Blaine's Stunt Sheds Light on Limits of Human Body

May 2, 2006 — -- When humans enter water they can automatically hold their breath longer than they can on land.

That's because the body immediately goes into "oxygen saving mode" by slowing the heart rate and shunting blood to the body's core.

Known as the mammalian diving reflex, this trick of human physiology (and of whales, dolphins and seals) will benefit magician David Blaine, who is living underwater in an 8-foot acrylic sphere in front of New York's Lincoln Center all this week.

During the last few minutes of his stay, Blaine will remove his breathing tube and attempt to break the current record for breathing underwater, which is 8 minutes, 58 seconds.

To get ready for this feat, he has been working with the staff of Performance Freediving. The staff has helped him improve his physical and mental conditioning, said lead trainer Kirk Krack, who will remain near Blaine all week.

Blaine has been working on maneuvers to increase his body's ability to withstand carbon dioxide while also doing yoga-style moves to expand his rib cage and the connecting muscles to get more oxygen into his lungs during his final breath.

"We want him to be able to tolerate a higher level of carbon dioxide and also to function on lower oxygen levels than the average person," said Krack, whose personal best is 6 minutes, 45 seconds.

In recent years, more people have become interested in the science of free diving and breath-hold diving, resulting in a better understanding of the abilities and limits of the human body underwater.

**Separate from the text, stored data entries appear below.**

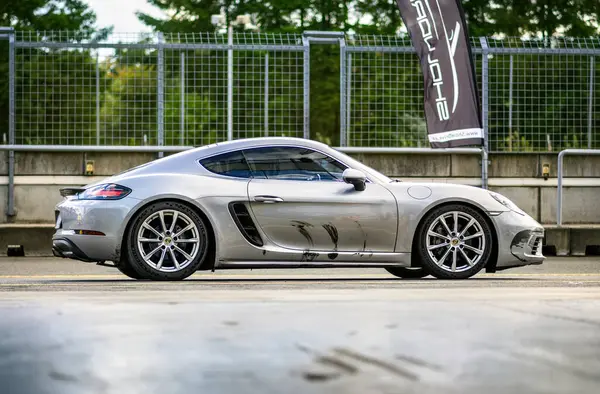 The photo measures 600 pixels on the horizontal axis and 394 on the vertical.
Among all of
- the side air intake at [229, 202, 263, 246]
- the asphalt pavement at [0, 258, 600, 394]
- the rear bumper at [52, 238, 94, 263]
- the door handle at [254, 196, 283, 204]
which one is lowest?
the asphalt pavement at [0, 258, 600, 394]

"Five to six years ago, the record was seven-and-a-half minutes. In 2001, one of my team members put it to eight minutes. It seems to be, with the current limit, we'll probably see it broken very quickly as well," Krack said. "The more we train, the more we discover."

Blaine's ordeal will be aired during a two-hour primetime special, "David Blaine: Drowned Alive," next Monday from 8 to 10 p.m., ET, on the ABC Television Network.

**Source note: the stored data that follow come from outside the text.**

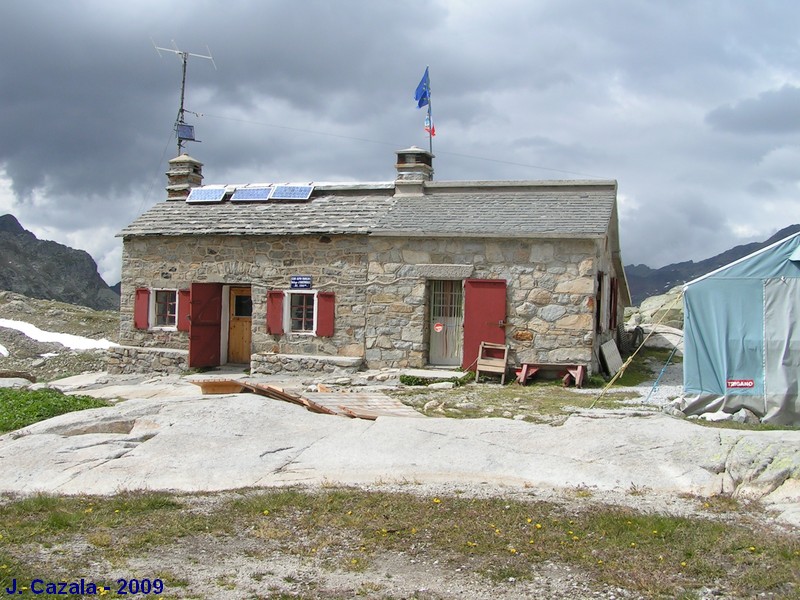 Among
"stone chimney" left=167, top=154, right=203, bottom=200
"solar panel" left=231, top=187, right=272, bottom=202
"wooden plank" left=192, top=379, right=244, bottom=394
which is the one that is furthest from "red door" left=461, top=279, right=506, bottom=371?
"stone chimney" left=167, top=154, right=203, bottom=200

For added drama, Blaine will handcuff himself to about 150 pounds of chains and try to break free while attempting to hold his breath.

"For the first few minutes of his submersion, he's not going to do anything to attempt to escape," Krack said. "At the four-minute mark, he's then going to start making his escape. It might take three minutes. If he runs into difficulty it might take four minutes or longer. He'll either get himself out of the chains, or we'll see he's in trouble, blacking out and losing motor control."

If that happens, the team will enter the sphere, resuscitate Blaine and provide emergency medical care.